** Instructions to follow **
An exact transcription is needed of the lines below from the one with "Hi, Mar here." through the one with "Plenty of room", with no other lines and no pictures.

* * * * *

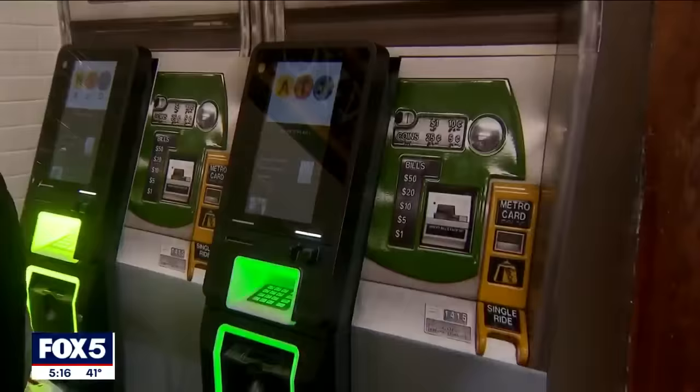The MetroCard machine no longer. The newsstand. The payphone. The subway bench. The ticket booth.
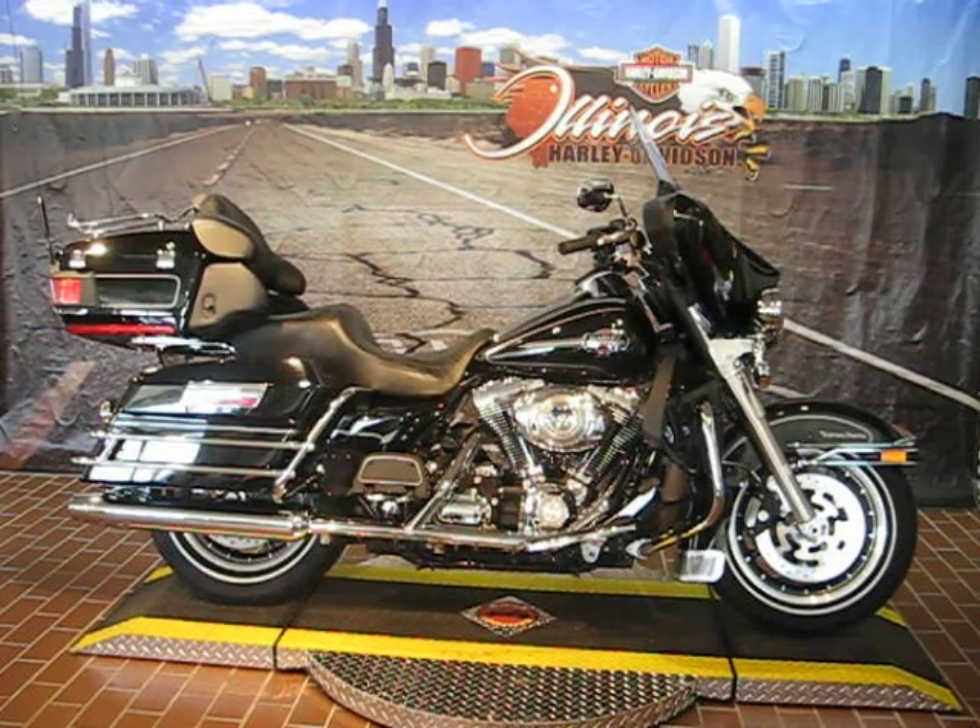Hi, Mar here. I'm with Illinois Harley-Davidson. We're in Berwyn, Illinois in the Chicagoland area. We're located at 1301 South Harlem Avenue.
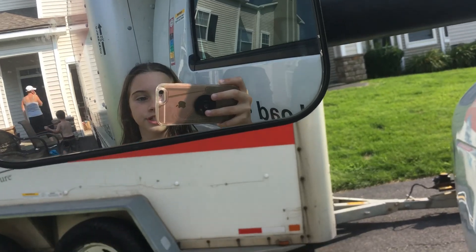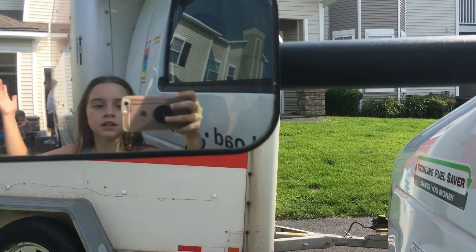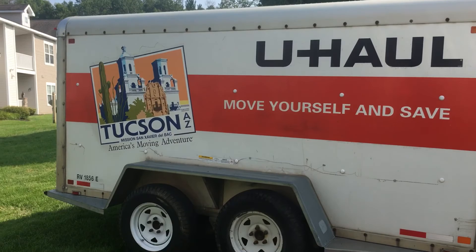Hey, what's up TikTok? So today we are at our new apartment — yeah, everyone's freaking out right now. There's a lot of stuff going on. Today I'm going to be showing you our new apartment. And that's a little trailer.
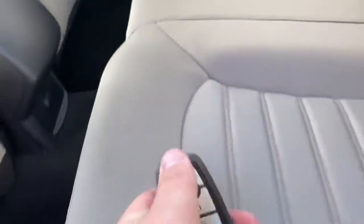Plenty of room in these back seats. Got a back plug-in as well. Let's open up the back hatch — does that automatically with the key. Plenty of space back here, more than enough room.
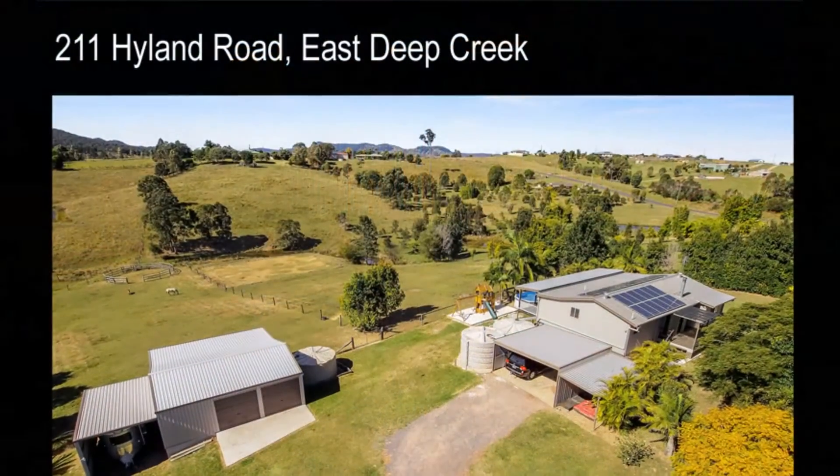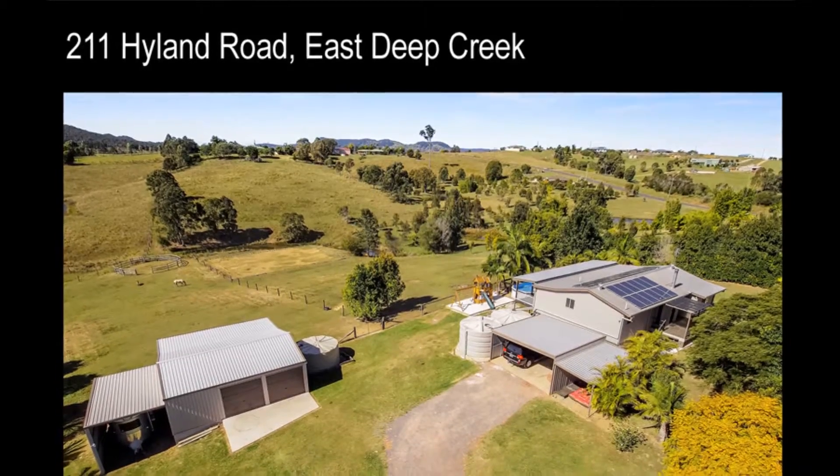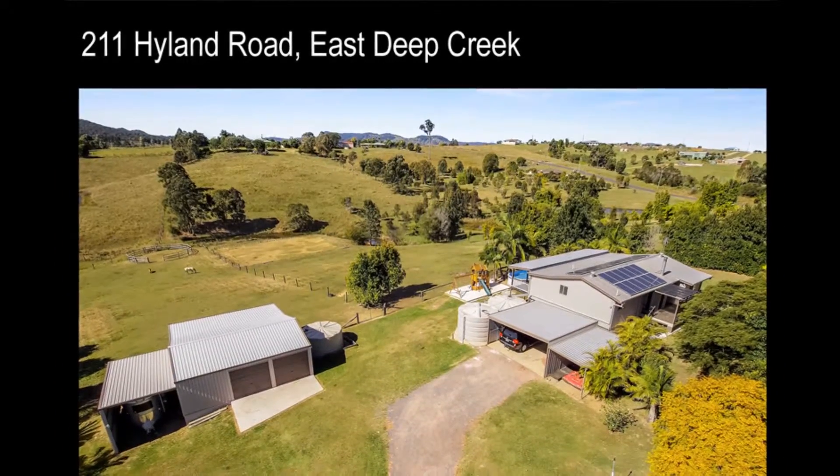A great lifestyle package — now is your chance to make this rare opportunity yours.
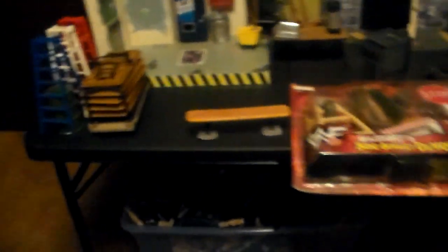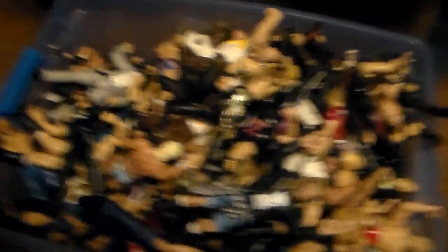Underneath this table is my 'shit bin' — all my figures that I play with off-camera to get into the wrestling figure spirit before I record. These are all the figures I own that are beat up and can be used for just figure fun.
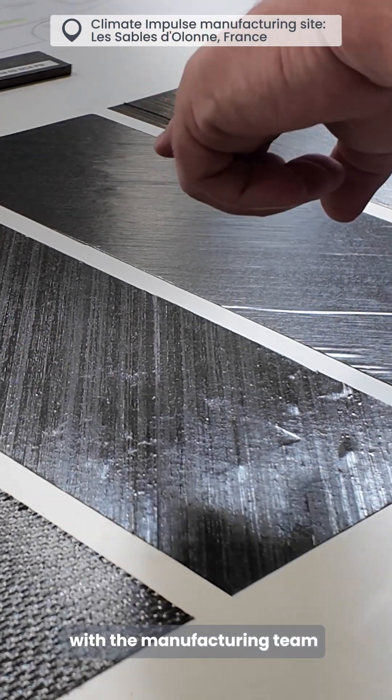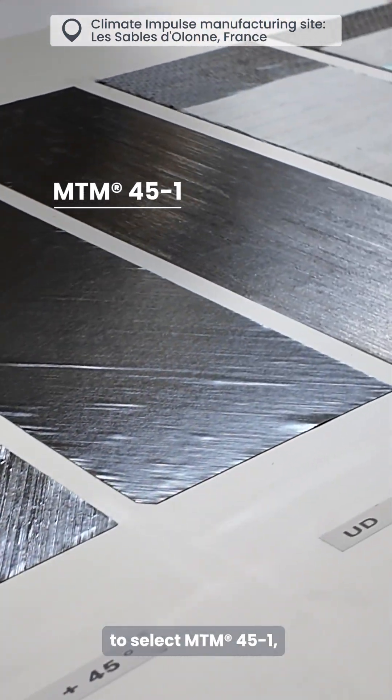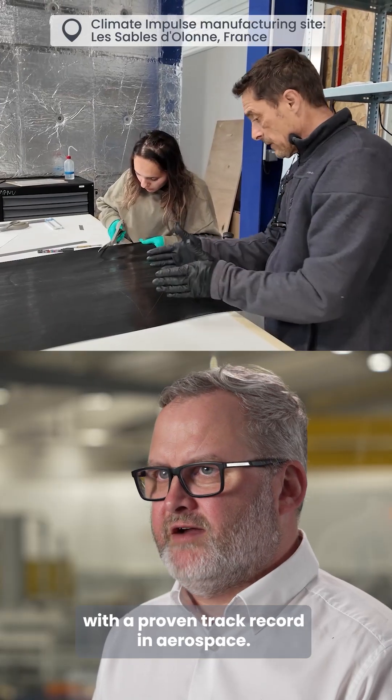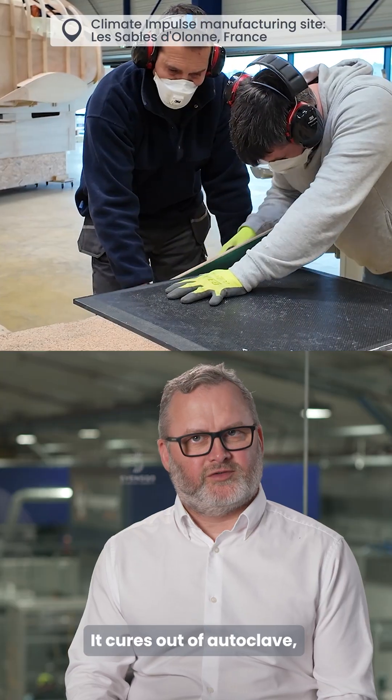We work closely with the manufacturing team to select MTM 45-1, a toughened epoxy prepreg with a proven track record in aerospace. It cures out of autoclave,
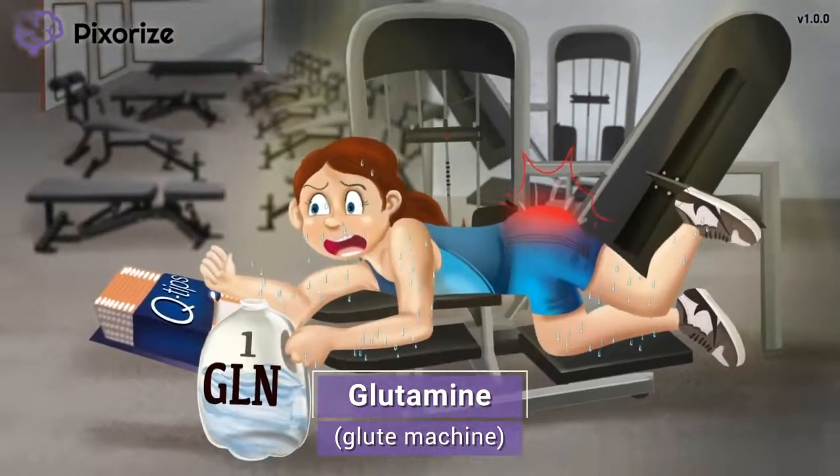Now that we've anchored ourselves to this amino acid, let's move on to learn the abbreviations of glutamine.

* * * * *

** Solution to this exercise **
Hi, Mar here. I'm with Illinois Harley-Davidson. We're in Berwyn, Illinois in the Chicagoland area. We're located at 1301 South Harlem Avenue.
Hey, what's up TikTok? So today we are at our new apartment — yeah, everyone's freaking out right now. There's a lot of stuff going on. Today I'm going to be showing you our new apartment. And that's a little trailer.
Plenty of room in these back seats. Got a back plug-in as well. Let's open up the back hatch — does that automatically with the key. Plenty of space back here, more than enough room.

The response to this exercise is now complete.